After being some of the most directly effected assets from the shutdowns particularly commercial and retail property the broad listed property market has seen a significant return of 21.05% with the return to work and the re-opening of many retailers contributing to a reassessment of how effected rents will be for these properties. The portfolio was overweight both industrial property and commercial which meant we did experience the downside within our commercial exposure but throughout the quarter we have sold off a portion of our commercial property allocation to bolster the more defensive industrial exposure. Looking forward we expected industrial property to outperform of overall economic thematic support those types of assets as consumer behaviour changes with an increased use of online shopping and home delivery services, warehouses and data centres provided by industrial property REIT’s will experience low vacancies and increased rental yields.
With the likes of Facebook, Amazon, Apple, Google, Netflix, and other internet-based consumer companies benefiting from the living and working from home dynamics with the inability to connect to people in person or shop in a physical store, the Nasdaq 100 Index has grown 14.79% over the quarter. Further large pharmaceutical and healthcare companies experiencing significant tailwinds as the health-crisis response relies heavily on private hospitals and healthcare companies filling the gaps of the public sector response. Valuations are high and the underlying economic conditions of many of these companies are very weak with long recovery horizons, but the market has been increasingly bullish within sectors that used to be considered growth, such as technology and healthcare. That said, the current climate has shown noteworthy defensive characteristics leading to revaluations with lower expected return trade-offs for risk.

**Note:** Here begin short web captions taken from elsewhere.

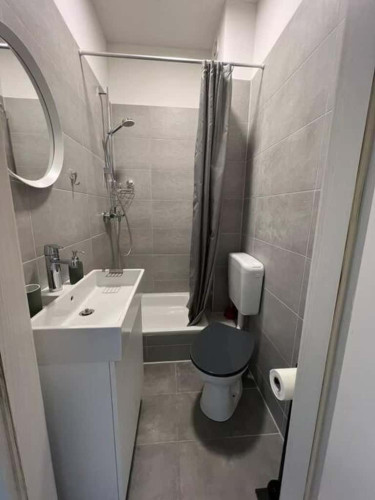 Quiet Yet Central – 2-Room Apartment in Lively Alt­lin­denau - Gallery - 10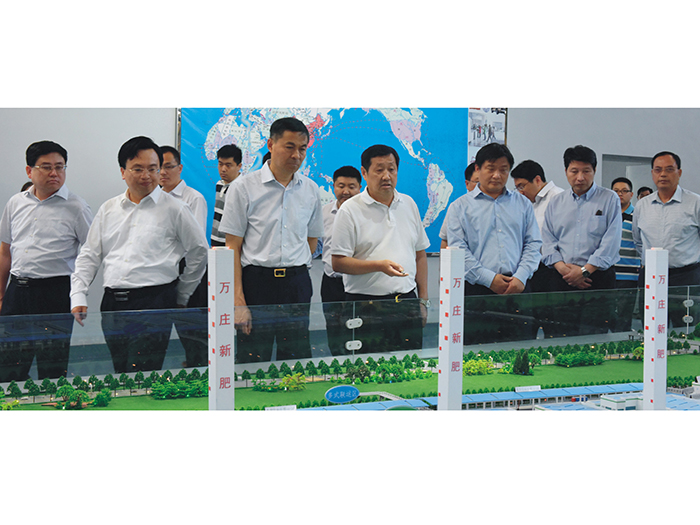 安阳市委书记李公乐（左三）上任伊始即赴糖心视频在线播放网调研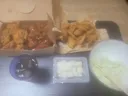 주말에는 치킨과 넷플릭스 조합이죠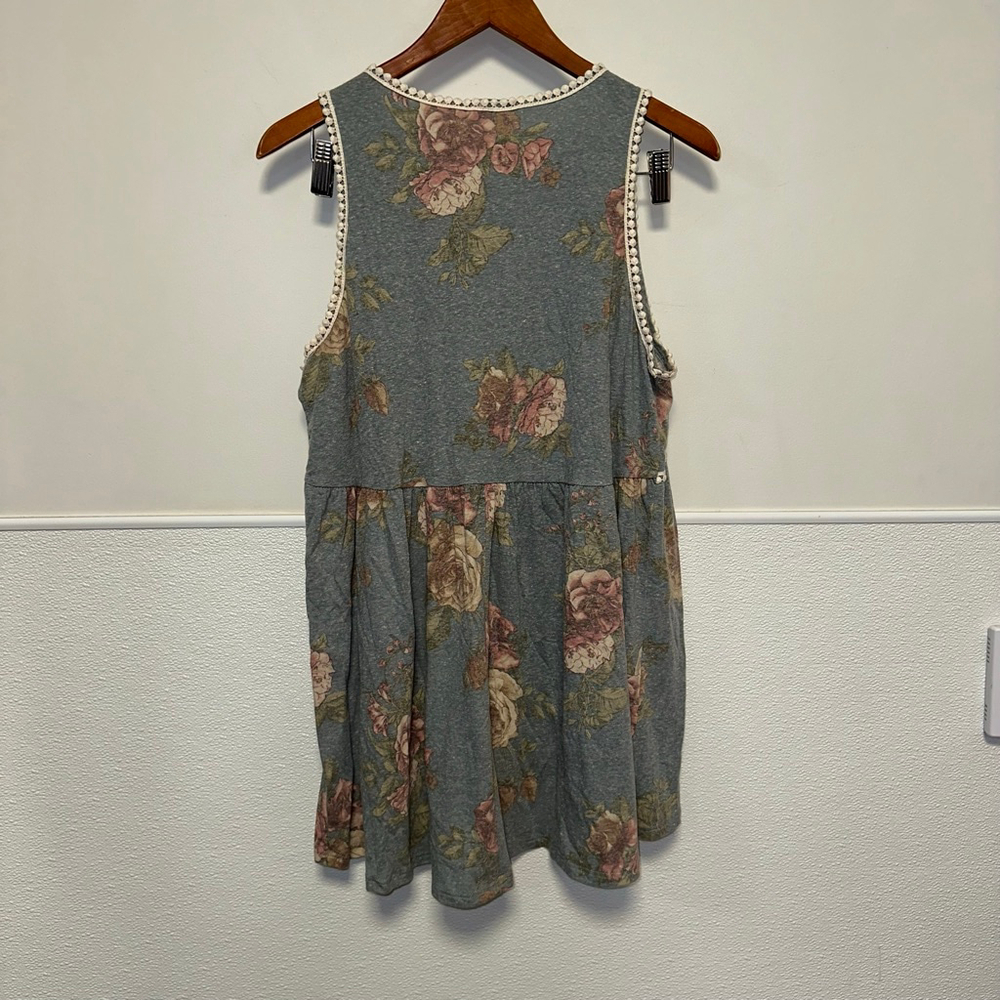 143 Story By Line Uo Women's Grey Pink Floral Tunic Top Size L - Picture 2 of 11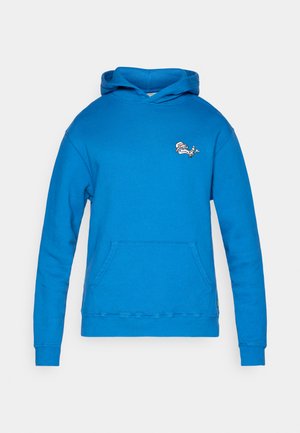 Modrá mikina s kapucí vyrobená z měkké směsové bavlny. Má přední kapsu a vyšitý motiv na hrudi. Kapuce se dá nastavit pomocí tkaničky.
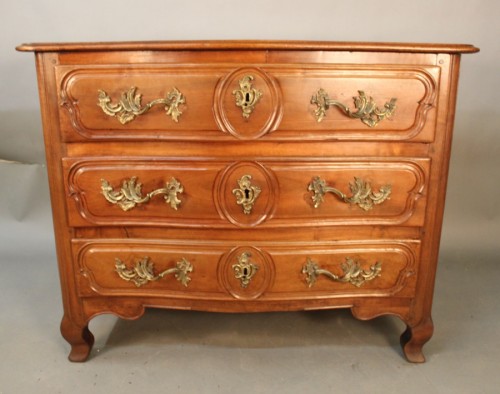 Commode Lyonnaise XVIIIe en noyer - Mobilier Style Louis XV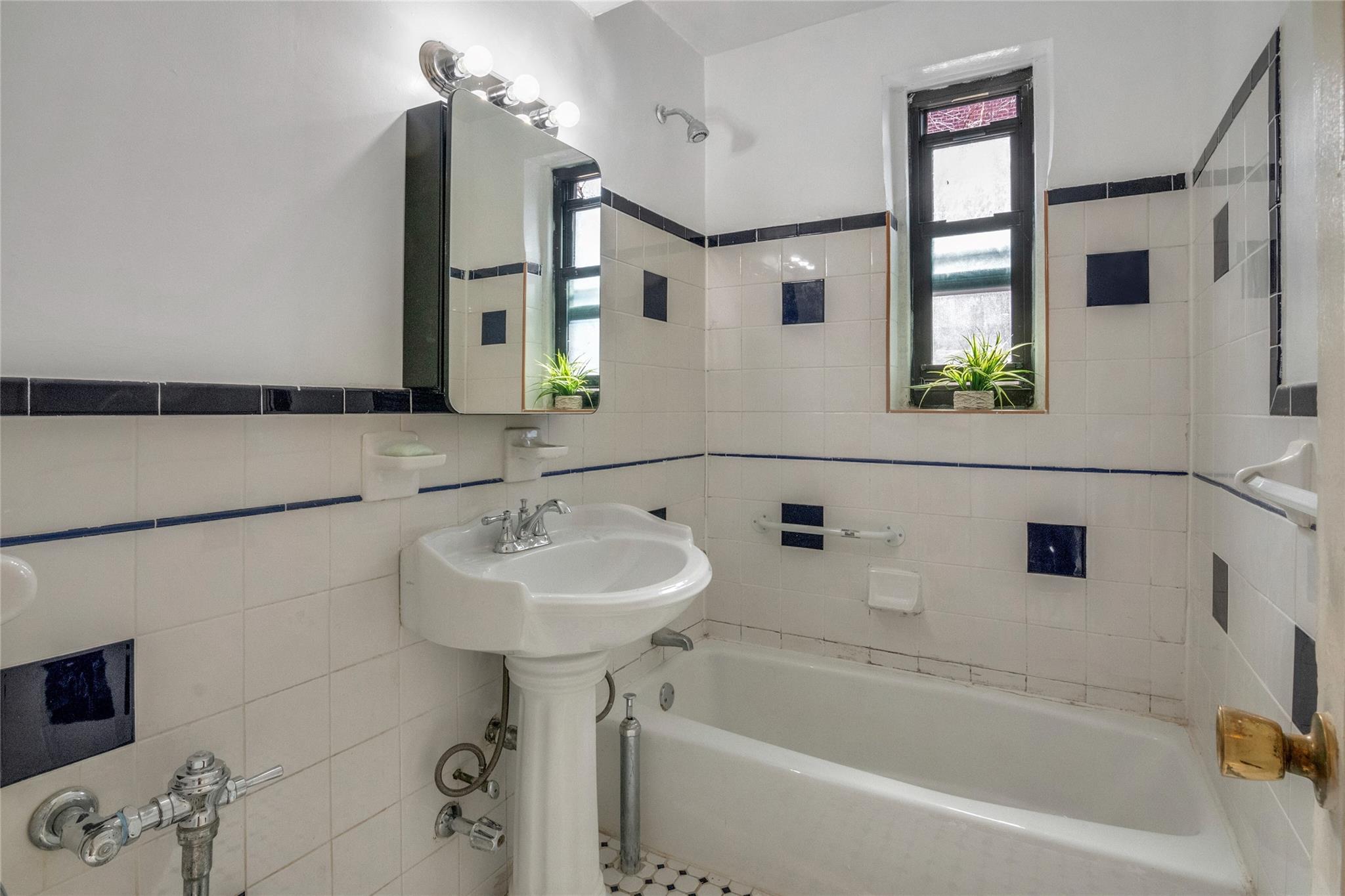 3840 Greystone Avenue # 4H, Bronx, NY 10463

As the market became more risk-on and the QE programs of central banks well anticipated and in many cases well underway, there was lower returns during this month for bonds and credit as the supporting ‘flight to security’ themes and lowering yields that propelled fixed interest markets through the first quarter of this month waned. The portfolio over this quarter have been repositioned to have a higher exposure to the credit market and as well targeting Australian government bonds within our bond allocation through both ETF’s and the JCB Active bond fund to benefit from projected returns in Australian government bond over other G10 countries. Debt capital markets should continue to be supported by uncertainty in markets and will act as an essential aspect of portfolio construction for capital protection in highly volatile equity markets over the net 12-18 months.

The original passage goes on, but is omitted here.